So, a drunk AFA Cadet spilled a Keystone Light (uhhh, couldn’t it have been classier than Keystone?) on my laptop on Saturday night while I was gone, and now 6-7 keys don’t work, including A, S, and D. It is acutally quite difficult to write a paper without those three important keys.
So, what’s the straight dope from here out? Should I take it some place to get cleaned? Can I purchase a new keyboard? How much will it be? Would I be likely to get HP to do a warranty replacement on it?
Or should I just drop my roomate a bill for a new laptop?
Unless you are comfy with getting uber-geeky you’d best drop a bill on your room mate or send it in to manuf service along with a check for 250- 300. The standard operating procedure for fixing notebook keyboards is to scan eBay looking for someone wanting to part out a unit with a bad CPU or other embedded component for cheap, or someone who has disassembled a similar unit and is selling the good parts. I did this with an old IBM Thinkpad a few years ago that my kid had dropped, and made more on the parts than I paid for the entire unit a year earlier.
The warning about uber-geek comfort is because replacing a keyboard requires some degree of comfort with dis-assembling a notebook. The actual procedure is usually not rocket science. Other than a set of small screwdrivers, all it takes patience and the determination not to force anything, but if you screw up and break a connector on the mainboard you are in deep, deep shit.

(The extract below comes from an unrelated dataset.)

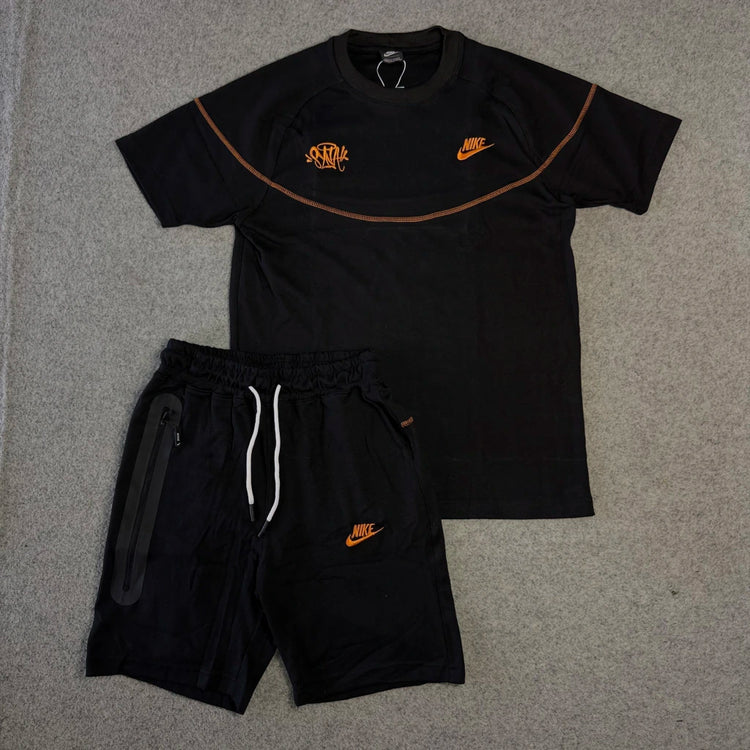 Kit Syna X NK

You alos need to find an online techical manual because without a step by step guide finding all the little hidden latches and connectors and blind screws notebook manufs are fond of using is an exercise in frustration. .
What is the unit model #? If it is a year or three old you’ll actually have better luck than if it were new getting replacements as some will be in the busted- parted out pipeline on eBay.
Anyway. Having replaced several notebook keyboards I can tell you it is usually a major PITA, and if the moisture has gotten beyond the keyboard you’ve just wasted xx dollars on the replacement part as well.
Another avenue to go is the no-cost try washing it route.
A few months ago, I was called to assist with a Dell laptop that received about half a cup of coffee. With sugar and milk. They’d promptly turned the laptop upside down so coffee wouldn’t drain into the motherboard, drives, etc.
Figuring nothing to lose, I disassembled the thing, popped out the keyboard and rinsed it under plain water for several minutes. I then let it dry overnight. Next day, re-assembled it, and all was well.
Hmm. My experience is quite different from Astro’s. My kitten ripped a key off of my Dell Inspiron keyboard that I couldn’t fix. I ordered a new one from Dell for $25, installed it in 15 minutes, and now have nearly one full spare keyboard for the next time my cat attacks my computer.
The really gotta be careful part of removing a laptop keyboard is the plastic ribbon cable. You don’t want to tear or scratch that. The ends usually slide into a plastic bracket and are held in with another piece of plastic that locks into the bracket.
Go the eBay route for laptop parts, I have done this several times.
If you’re lucky enough to have a Macintosh iBook, it’s insanely easy to replace the keyboard. A few weeks I popped out all my keys to clean underneath, and the shift key didn’t fare so well upon re-entry…I had to replace the entire keyboard. As luck would have it, the computer was less than a year old and was still covered by warranty, so the local repair shop replaced the keyboard in about five minutes. Now it looks a lot better than any cleaning on my part would have rendered.
I feel your pain. I dumped a whole bottle of apple juice on mine. And in the process of trying to dump out the liquid, broke off 2 keys. You really should leave it off for a couple days. Beer, like apple juice, will probably get sticky, which is a bitch. But the insides have a lovely carmel scent.
I’ve swapped out the keyboard on my PowerBook for one I snagged on eBay. The left Shift key had stopped working dependably.
Most brands of keyboards are going to connect via one or more ribbon cables snapped into a retainer clip. You may want a magnifying glass to see how they unsnap if you don’t already know (you don’t want to mutilate it or anything). Some keyboards may have mechanical retaining devices, the PowerBook just has retaining tabs that pull back out of the way from within the expansion/battery bays.
Easier than replacing the screen, that’s for sure.